A Delhi i due non hanno parlato, ma Erdogan non ha mancato di manifestare fastidio per l'atteggiamento della Casa Bianca, che al momento sembra orientata ad attendere la ratifica del parlamento turco relativa all'allargamento alla Svezia per procedere con l'invio di 40 aerei e 80 kit per la modernizzazione degli F16 in dotazione all'aeronautica turca. Una posizione, quella degli Usa, che ha "seriamente turbato" la Turchia, per usare le parole di Erdogan, che ha ricordato che la ratifica è inserita nel programma dei lavori del Parlamento. "Non sono io che ratifico personalmente ma il parlamento. Questa è la procedura. Per lui (Biden ndr) c'è il Congresso che deve approvare, per me il Parlamento", ha detto Erdogan domenica.
Parole che rendono l'idea dei temi che dovranno affrontare e del clima in cui i due leader dovranno dialogare durante il prossimo vertice Nato, previsto a New York il prossimo 18 settembre. Se il via libera di Erdogan arrivato a Vilnius sembrava aver messo la parola fine su una discussione durata più di un anno, la frenata è arrivata con le dichiarazioni del leader turco, che aveva rilanciato la palla nel campo dei lavori del Parlamento rinviando di fatto la ratifica a ottobre.
Il malcontento dietro le parole pronunciate da Erdogan fa riaffiorare i dubbi sul semaforo verde del parlamento turco, dove il partito Akp del presidente può contare sulla maggioranza dei seggi grazie all'alleanza con i nazionalisti dell'Mhp. Difficile una marcia indietro dopo le parole di Vilnius, la tensione attuale lascia intendere però che si potrebbe assistere a un braccio di ferro. Ankara, dall'inizio della querelle sull'allargamento, ha infatti rifiutato categoricamente di vincolare il proprio via libera alla Svezia alla promessa di ottenere gli F16 pagati 20 miliardi di dollari. Una proposta che l'amministrazione americana ha reiterato per mesi nel tentativo di strappare il si all'allargamento.

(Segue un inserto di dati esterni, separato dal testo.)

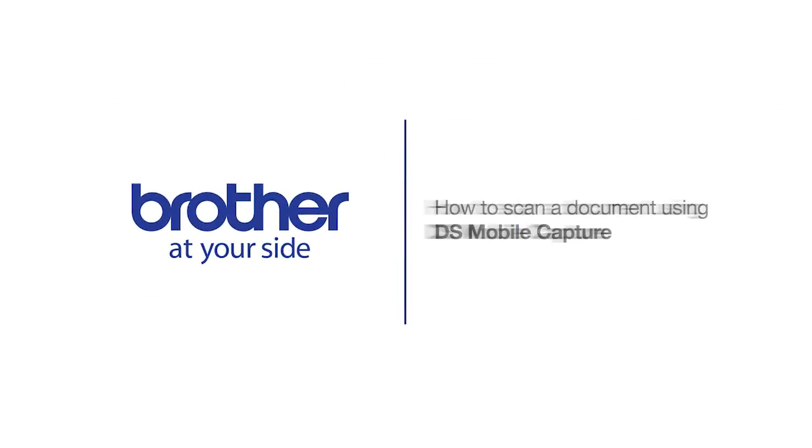Welcome. Today we're going to look at the process of scanning a document using DS Mobile Capture.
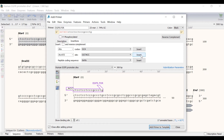Since some restriction sites do not cut efficiently at the end of a linear piece of DNA, it is recommended to add up to 6 bases to improve cutting efficiency. So I will manually add the sequence TAAGCA at the 5' end. To save this primer I will click on the Add Primer to Template button.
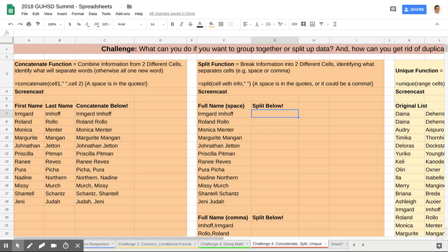The CONCATENATE function is wonderful if you have two different columns of information that you want to combine together. Sometimes you might already have it combined and you don't want it that way. In that case we'd be looking at the SPLIT function. The syntax goes: equals SPLIT, the cell you want to divide up, comma, and then whatever is separating those first and last names.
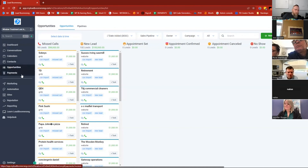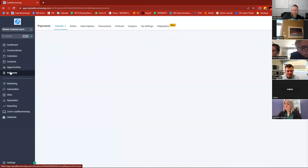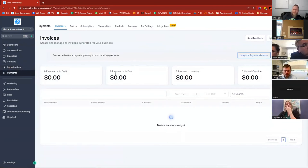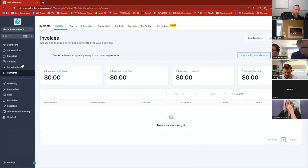All right. Most of you guys don't have a payments button in yours, or if you do, we don't really use this section. There is some invoicing type stuff in here, but we don't really use this section for most of our clients.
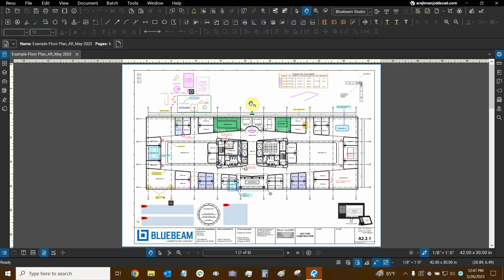Hi everyone and welcome to Bluebeam Review. My name is Ari and I'm a Bluebeam Certified Instructor with Digital Drafting Systems. Today we're going to learn all about flattening.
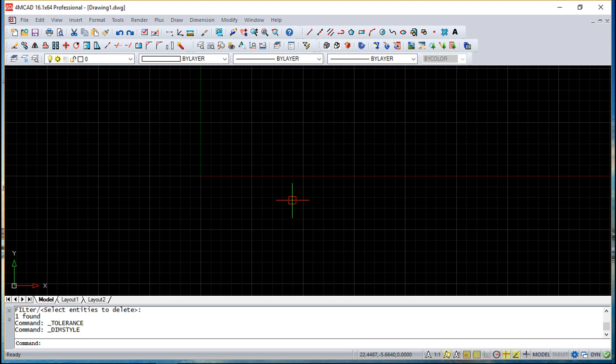Basically it's a rectangle divided into several components, at least two components. The first one indicates the geometric characteristic, it's a symbol. The second contains the value and you can have more symbology added to these tolerances.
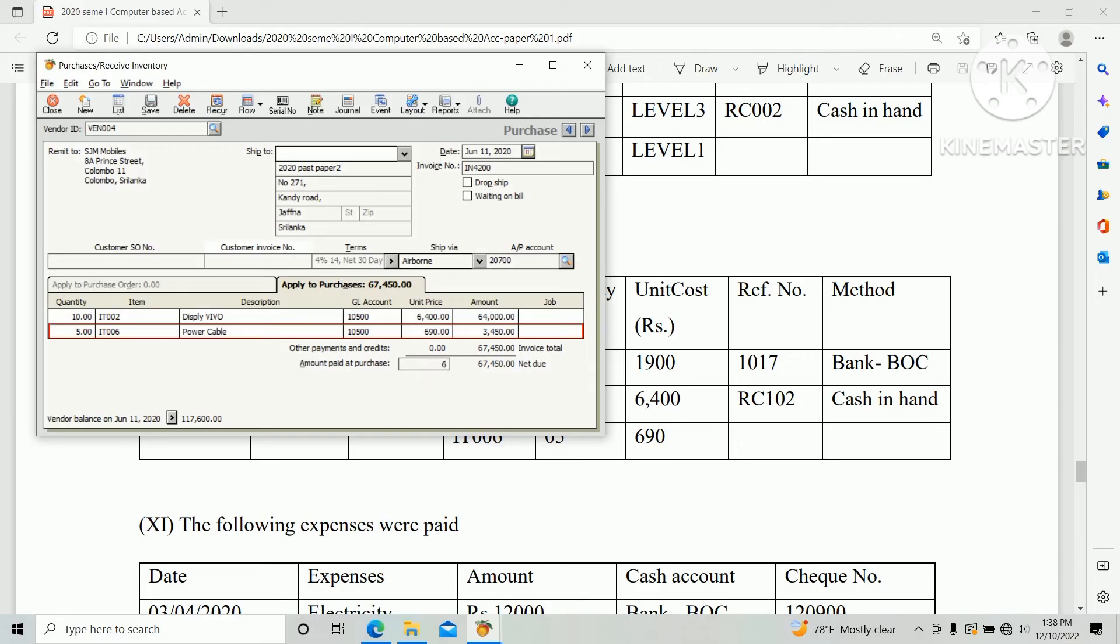Reference number RC102 and cash account Cash in Hand, $67,450.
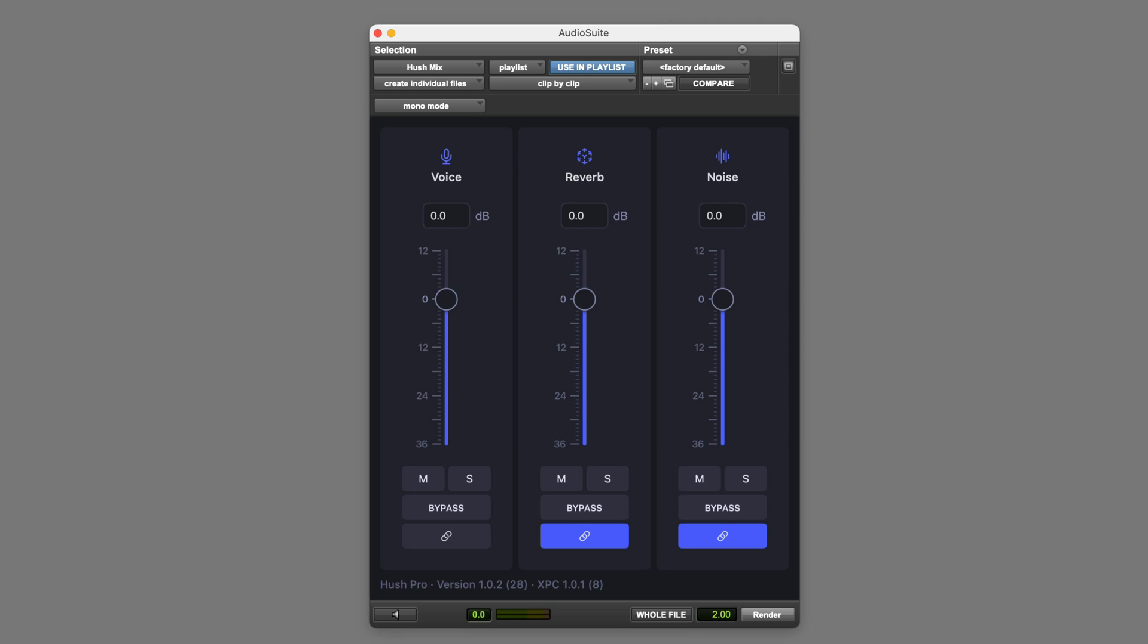Hi, it's Paul Maunder from Production Expert. In this video I'll be demonstrating how I use Hush Pro to clean up dialogue for documentary mixes. I'll be focusing on the Hush Mix component of Hush Pro in this video.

Una polemica che dura da anni
Il ritardo del Congresso, sottolineato da molti media turchi, ha contribuito a creare la sensazione che gli Usa attendano la ratifica del parlamento turco per procedere a sbloccare una cessione di armamenti su cui i due Paesi hanno un'intesa da anni. Un'accusa che può essere facilmente capovolta e rivolta ad Ankara, dove il ritardo del Parlamento turco può far pensare che Erdogan attenda gli F16 prima di dare istruzioni ai suoi in parlamento. La Svezia rimane in attesa, vittima di una polemica iniziata anni fa, quando invece degli F16 si parlava degli F35 e la riluttanza degli Usa era legata all'acquisto del sistema di Difesa missilistico russo s-400 da parte di Ankara. Una polemica che ancora oggi sembra lontana dal giungere al termine.

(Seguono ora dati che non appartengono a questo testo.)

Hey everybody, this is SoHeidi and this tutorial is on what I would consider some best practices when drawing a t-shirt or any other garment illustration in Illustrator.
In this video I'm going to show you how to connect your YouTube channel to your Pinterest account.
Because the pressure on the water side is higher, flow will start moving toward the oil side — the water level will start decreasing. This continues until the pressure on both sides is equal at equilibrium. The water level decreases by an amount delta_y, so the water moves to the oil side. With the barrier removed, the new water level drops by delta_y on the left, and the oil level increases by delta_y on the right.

A Washington c'è chi ritiene la vendita degli F16 essenziale a rammendare i rapporti con un importante alleato Nato, con cui peò' non sono mancate roventi polemiche negli ultimi anni. Oltre che per gli aerei da guerra, a complicare la situazione e spingere per un segnale di riavvicinamento le continue accuse di Ankara alla Casa Bianca per l'alleanza e il sostegno americano ai separatisti curdi dello Ypg. Allo stesso tempo nel Congresso non mancano le voci critiche, a partire dal presidente per le relazioni estere del Senato, il democratico Bob Menendez, che da mesi nega gli F16 chiedendo garanzie sulla sicurezza della Grecia e sull'allargamento Nato. Una intransigenza che non permette di sbloccare l'impasse e, nonostante il recente riavvicinamento tra Grecia e Turchia, alza la tensione in attesa del vertice Nato del prossimo 18 settembre.